A tabela de Messi com astros

Messi driblou o protocolo oficial de entrevistas dos capitães e dos técnicos da Espanha e da Argentina. As perguntas direcionadas a Messi não foram da imprensa

Tive a honra de participar, ontem, de um momento histórico na Copa do Mundo. Nem gosto de usar "histórico", uma palavra tão banalizada e transformada em clichê no nosso tempo, mas, sim, foi. Lionel Messi participou, talvez, da última entrevista coletiva em seis edições disputadas no principal torneio da Fifa. Tímido, estava com aquela fisionomia expressando: "O que estou fazendo aqui?".

Não era um contato com jornalistas. Messi driblou o protocolo oficial de entrevistas dos capitães e dos técnicos da Espanha e da Argentina. Não deu as caras. O goleiro Dibu Martínez e o técnico Lionel Scaloni assumiram a missão. Do outro lado, o dono da faixa de La Roja, Rodri, e o dono da prancheta, Luis de la Fuente, no quinto andar do Javits Center, em Nova York. De repente, Messi surpreende. Aparece dois pavimentos abaixo em um evento oficial da Fifa para torcedores — o Fanatics Fest 2026. O evento anual é uma Expo, feira de esportes em Manhattan.

As perguntas direcionadas a Messi não foram da imprensa. Astro aposentado da NBA, Tom Brady foi quem fez a pergunta mais relevante.
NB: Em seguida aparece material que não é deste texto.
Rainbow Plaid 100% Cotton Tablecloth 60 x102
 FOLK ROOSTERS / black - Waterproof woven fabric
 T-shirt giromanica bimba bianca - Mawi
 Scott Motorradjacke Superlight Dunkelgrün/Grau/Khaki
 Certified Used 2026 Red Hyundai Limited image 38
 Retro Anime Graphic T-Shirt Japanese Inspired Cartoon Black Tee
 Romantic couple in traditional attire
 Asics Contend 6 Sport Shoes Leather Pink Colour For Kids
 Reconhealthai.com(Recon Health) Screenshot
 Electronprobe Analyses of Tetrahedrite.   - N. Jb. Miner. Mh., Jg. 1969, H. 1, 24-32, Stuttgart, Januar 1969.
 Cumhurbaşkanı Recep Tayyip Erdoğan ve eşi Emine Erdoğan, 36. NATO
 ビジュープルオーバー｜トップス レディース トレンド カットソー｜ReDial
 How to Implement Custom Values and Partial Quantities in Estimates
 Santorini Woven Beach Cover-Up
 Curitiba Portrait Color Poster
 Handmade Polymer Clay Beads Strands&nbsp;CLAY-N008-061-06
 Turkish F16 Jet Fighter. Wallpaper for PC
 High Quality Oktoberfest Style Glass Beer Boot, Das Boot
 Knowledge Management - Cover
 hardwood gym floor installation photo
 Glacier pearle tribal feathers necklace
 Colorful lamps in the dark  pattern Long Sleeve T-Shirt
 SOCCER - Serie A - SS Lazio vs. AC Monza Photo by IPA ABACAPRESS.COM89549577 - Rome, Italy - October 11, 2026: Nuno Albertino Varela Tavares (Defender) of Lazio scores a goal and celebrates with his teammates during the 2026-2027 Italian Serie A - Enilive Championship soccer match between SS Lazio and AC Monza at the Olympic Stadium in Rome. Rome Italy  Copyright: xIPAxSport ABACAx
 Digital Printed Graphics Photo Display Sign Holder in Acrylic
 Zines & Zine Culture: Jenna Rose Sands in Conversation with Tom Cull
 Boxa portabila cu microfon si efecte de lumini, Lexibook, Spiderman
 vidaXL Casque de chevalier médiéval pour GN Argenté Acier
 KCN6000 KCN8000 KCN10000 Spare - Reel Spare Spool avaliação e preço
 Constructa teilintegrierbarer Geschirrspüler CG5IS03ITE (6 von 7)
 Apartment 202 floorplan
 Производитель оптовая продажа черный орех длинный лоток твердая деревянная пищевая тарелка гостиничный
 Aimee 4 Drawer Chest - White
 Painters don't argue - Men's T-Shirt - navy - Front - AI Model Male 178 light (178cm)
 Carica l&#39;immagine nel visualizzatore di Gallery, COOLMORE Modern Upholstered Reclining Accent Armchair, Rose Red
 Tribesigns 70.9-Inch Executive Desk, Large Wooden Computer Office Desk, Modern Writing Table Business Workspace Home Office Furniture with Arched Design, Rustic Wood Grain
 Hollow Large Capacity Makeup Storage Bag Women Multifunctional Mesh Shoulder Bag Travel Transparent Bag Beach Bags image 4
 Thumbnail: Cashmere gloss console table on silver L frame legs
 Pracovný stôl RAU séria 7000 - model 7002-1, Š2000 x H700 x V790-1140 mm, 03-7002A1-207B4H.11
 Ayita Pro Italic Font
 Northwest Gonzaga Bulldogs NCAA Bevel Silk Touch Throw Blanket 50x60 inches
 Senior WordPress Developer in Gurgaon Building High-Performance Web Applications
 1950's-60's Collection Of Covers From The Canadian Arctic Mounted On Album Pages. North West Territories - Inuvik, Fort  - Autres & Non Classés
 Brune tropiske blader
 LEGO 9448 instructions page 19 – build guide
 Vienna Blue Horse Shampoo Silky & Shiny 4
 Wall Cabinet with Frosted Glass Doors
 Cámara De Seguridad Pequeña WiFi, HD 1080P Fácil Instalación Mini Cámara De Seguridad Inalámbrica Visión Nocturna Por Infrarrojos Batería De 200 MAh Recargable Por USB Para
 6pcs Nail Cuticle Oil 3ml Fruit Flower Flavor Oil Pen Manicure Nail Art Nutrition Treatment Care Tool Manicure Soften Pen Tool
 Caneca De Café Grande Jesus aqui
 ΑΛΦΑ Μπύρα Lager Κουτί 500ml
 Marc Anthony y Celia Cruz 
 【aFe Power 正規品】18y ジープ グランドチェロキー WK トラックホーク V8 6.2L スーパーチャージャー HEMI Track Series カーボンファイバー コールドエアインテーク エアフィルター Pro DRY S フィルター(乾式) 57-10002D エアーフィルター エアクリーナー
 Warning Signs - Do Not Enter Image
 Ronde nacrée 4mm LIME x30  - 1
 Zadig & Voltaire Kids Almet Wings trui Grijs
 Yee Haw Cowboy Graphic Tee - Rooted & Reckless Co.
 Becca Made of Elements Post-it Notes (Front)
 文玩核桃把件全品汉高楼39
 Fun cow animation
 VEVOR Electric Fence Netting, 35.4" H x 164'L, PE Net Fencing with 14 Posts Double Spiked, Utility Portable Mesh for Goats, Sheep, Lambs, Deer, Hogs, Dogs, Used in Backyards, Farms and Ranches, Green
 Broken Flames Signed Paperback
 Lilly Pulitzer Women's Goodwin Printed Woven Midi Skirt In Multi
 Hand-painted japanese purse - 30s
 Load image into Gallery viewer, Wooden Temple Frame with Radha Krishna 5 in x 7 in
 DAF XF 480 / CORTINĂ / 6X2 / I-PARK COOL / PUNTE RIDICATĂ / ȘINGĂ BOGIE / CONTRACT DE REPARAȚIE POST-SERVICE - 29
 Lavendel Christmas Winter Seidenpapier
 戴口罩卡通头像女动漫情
O ex-esposo da modelo Gisele Bundchen pegou o microfone e questionou sobre a icônica imagem de Joan Monfort, na qual o craque eleito oito vezes melhor do mundo dá banho no bebê Lamine Yamal em 2007. A Pulga tinha 19 anos, como mostrou a reportagem de ontem do Correio.

Lionel Messi respondeu: "Lamine é um grandíssimo jogador. Ele joga em um clube que eu amo. Eu sempre lhe desejo o melhor. E sobre a foto, é uma loucura, porque na minha vida eu também fiz uma foto com vários bebês, e estamos os dois tentando uma Copa do Mundo. É uma loucura", disse o craque, saudado por uma legião histérica de fãs no espaço restrito a poucos no evento de Gianni Infantino.

Em seguida, Messi fez elogios a Lamine Yamal. "Ele é um dos melhores do mundo neste momento, sem dúvidas. Enfim, é uma loucura. Desejo sucesso, porque ele joga no Barcelona também, e, bom, tentaremos fazer uma boa partida para que ele não entregue a melhor versão. Mesmo que seja difícil, tentaremos, tanto ele como a Espanha, que não é só o Lamine, que é um grande jogador. Que ele tenha um grande jogo, e, bom, nós também", respondeu, sob aplausos.

O tenista sérvio Novak Djokovic também levantou o dedo na rápida inquisição. O colecionador de 24 títulos de Grand Slam perguntou a Messi como ele alivia a pressão. "Nós seguimos jogando o futebol, com muita paixão, com muita vontade de sempre jogar, competir. Desde quando estávamos em qualquer dia, sem conhecer o lugar, sem nenhum colega no campo, ou em alguma equipe, ou estávamos todos em alguma equipe no nosso bairro, muito pequeno, enfim, acho que nós sempre pensamos com a atenção para que passemos como algo natural, de jogar, de se divertir, de competir, porque no final somos um grupo competitivo, que não gosta de perder, Mas é um esporte, um esporte coletivo, que o rival sempre joga também, e que nem sempre se pode ganhar. Eu aprendi a entender que também se perde mais do que se ganha, e isso me fez crescer como pessoa e como jogador", encerrou Messi, observado de perto por outro gênio, Kevin Durant, bicampeão da NBA, a liga norte-americana de basquete. Sim, foi uma tabelinha histórica. Memorável.